__Data__.

# # # #

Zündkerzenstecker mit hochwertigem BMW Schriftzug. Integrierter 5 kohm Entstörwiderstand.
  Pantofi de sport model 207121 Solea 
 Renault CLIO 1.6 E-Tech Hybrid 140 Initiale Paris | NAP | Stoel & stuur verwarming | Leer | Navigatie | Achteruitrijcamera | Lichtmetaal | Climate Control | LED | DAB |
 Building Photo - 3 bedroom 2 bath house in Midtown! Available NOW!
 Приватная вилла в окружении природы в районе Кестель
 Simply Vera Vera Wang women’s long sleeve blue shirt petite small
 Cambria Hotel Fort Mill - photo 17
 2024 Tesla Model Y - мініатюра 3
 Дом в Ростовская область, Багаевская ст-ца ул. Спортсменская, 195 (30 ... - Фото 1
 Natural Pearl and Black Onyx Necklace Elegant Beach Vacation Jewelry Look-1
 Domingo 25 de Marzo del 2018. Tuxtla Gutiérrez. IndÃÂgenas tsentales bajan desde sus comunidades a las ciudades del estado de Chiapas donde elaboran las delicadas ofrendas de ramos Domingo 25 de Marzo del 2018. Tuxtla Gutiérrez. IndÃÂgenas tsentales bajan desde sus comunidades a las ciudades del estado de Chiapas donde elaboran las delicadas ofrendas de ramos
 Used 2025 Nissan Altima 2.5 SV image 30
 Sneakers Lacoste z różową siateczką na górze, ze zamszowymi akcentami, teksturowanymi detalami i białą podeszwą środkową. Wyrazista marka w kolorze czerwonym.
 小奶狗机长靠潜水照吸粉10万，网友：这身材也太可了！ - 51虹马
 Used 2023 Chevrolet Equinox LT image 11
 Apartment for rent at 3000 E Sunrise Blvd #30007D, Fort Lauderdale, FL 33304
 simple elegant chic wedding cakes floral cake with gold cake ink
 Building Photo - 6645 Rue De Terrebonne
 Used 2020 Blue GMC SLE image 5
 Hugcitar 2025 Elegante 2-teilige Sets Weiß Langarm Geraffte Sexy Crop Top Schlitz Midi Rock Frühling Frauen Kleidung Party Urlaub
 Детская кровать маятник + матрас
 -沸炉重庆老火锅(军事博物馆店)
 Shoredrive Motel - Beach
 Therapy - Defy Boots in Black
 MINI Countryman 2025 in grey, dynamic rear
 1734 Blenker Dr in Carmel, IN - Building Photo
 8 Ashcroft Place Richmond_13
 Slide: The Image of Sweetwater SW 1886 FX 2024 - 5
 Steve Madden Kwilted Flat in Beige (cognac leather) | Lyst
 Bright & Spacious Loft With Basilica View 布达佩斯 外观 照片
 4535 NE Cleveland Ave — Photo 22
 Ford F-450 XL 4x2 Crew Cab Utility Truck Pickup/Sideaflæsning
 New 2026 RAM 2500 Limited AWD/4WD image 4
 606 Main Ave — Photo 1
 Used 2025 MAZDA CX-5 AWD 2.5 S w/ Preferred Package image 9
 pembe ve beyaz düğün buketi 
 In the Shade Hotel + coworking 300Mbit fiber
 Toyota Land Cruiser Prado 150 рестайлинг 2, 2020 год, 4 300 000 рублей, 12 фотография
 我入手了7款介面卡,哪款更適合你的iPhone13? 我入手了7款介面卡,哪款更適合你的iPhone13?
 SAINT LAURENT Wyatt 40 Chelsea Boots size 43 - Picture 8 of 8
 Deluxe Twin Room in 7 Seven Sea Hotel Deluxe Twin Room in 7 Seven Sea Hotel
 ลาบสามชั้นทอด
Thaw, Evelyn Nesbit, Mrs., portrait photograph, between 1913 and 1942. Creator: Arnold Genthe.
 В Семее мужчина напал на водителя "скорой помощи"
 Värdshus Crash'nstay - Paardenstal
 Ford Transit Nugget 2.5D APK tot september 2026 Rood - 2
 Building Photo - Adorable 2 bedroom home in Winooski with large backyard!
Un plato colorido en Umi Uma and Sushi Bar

# # # #

__Work to be completed__.
Count the lines in the listing above that include the word "Boots", and respond with that number alone.

__Answer to the exercise__.
2